|Open||None||T116063 Hardware Automation Workflow - Overall Tracking|
|Resolved||None||T199083 Migrate the hardware inventory from Racktables to Netbox|
|Resolved||faidon||T170144 Evaluate NetBox as a Racktables replacement & IPAM|
|Resolved||ayounsi||T184242 Puppet broken on deployment-netbox, looks like it thinks its a prod box|
|Resolved||ayounsi||T190134 Can't login on netbox|
|Resolved||Dzahn||T190184 Netbox: setup backups|
The changes above will a) turn netbox hosts into "backup::hosts" via profile so they get all the needed Bacula agent stuff and then b) define a new fileset (paths to be backed up for netbox and apply that.
The missing part would then just be a cron to dump pgsql into a path and add that path to the fileset.
There is now a puppetized dir and cron job on netbox machines. Copy/pasting the command from there and executing manually as user postgres works and creates a gzipped dump file in /srv/postgres-backup. (which i deleted again)
sudo -u postgres /usr/bin/pg_dumpall | gzip > /srv/postgres-backup/psql-all-dbs-`date "+%Y%m%d"`.sql.gz root@netmon1002:/srv/postgres-backup# ls psql-all-dbs-20180731.sql.gz
The path /srv/postgres-backup has been added to the Bacula filset called "netbox".
Tomorrow i will double-confirm it got created (at a random time), shows up in Bacula console and can be restored from there.
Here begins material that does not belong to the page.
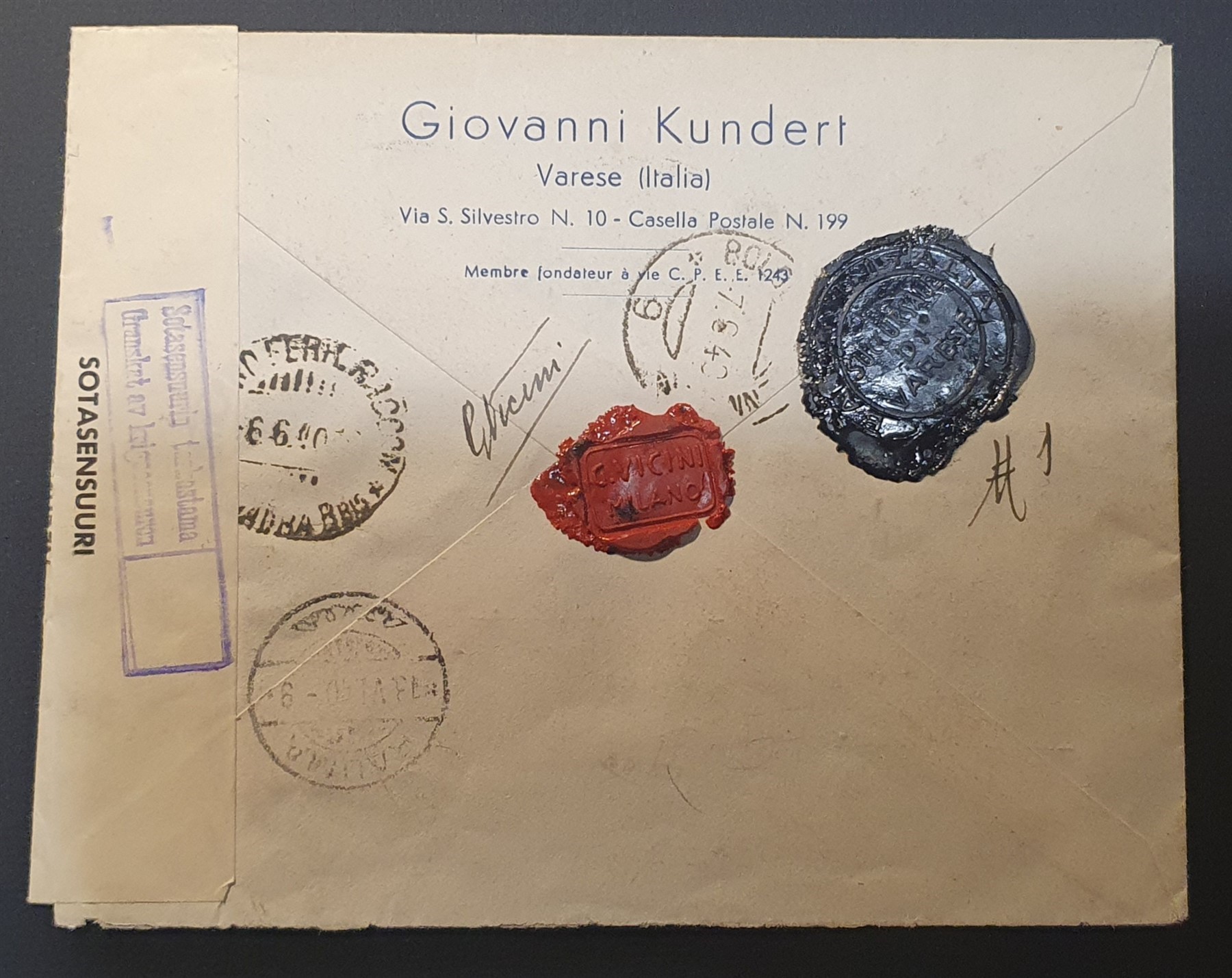 Italia / Regno / Vittorio Emanuele III / Posta Ordinaria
Finally there should be no more cronspam :p ... and we have actual files:
root@netmon1002:/srv/postgres-backup# ls psql-all-dbs-20180803.sql.gz root@netmon2001:/srv/postgres-backup# ls psql-all-dbs-20180803.sql.gz
Also the dump and the cleanup cron don't run at the same time anymore.
On the Bacula in bconsole i can confirm the new netbox backup sets exist and srv/postgres-backup is part of a file set that could be restored from/to netmon1002 and netmon2001 as well. The actual dump files that exist now should appear shortly in the next incremental backup.
Files have been created for each day and are showing up in Bacula (helium) in bconsole now.
$ cd postgres-backup/ cwd is: /srv/postgres-backup/ $ ls psql-all-dbs-20180803.sql.gz psql-all-dbs-20180804.sql.gz psql-all-dbs-20180805.sql.gz psql-all-dbs-20180806.sql.gz
I started a restore to netmon1002.
Using Catalog "production" Run Restore job JobName: RestoreFiles Bootstrap: /var/lib/bacula/helium.eqiad.wmnet.restore.4.bsr Where: /var/tmp/bacula-restores .. Backup Client: netmon1002.wikimedia.org-fd Restore Client: netmon1002.wikimedia.org-fd .. Job queued. JobId=103268
I also tested actual restore of the database:
Dropped the live prod database, confirmed web UI was down, then restored DB from dumpfile from backups and the application was up again.
I created a wikitech page for Netbox incl. a section on backups and restore:
This should resolve the ticket.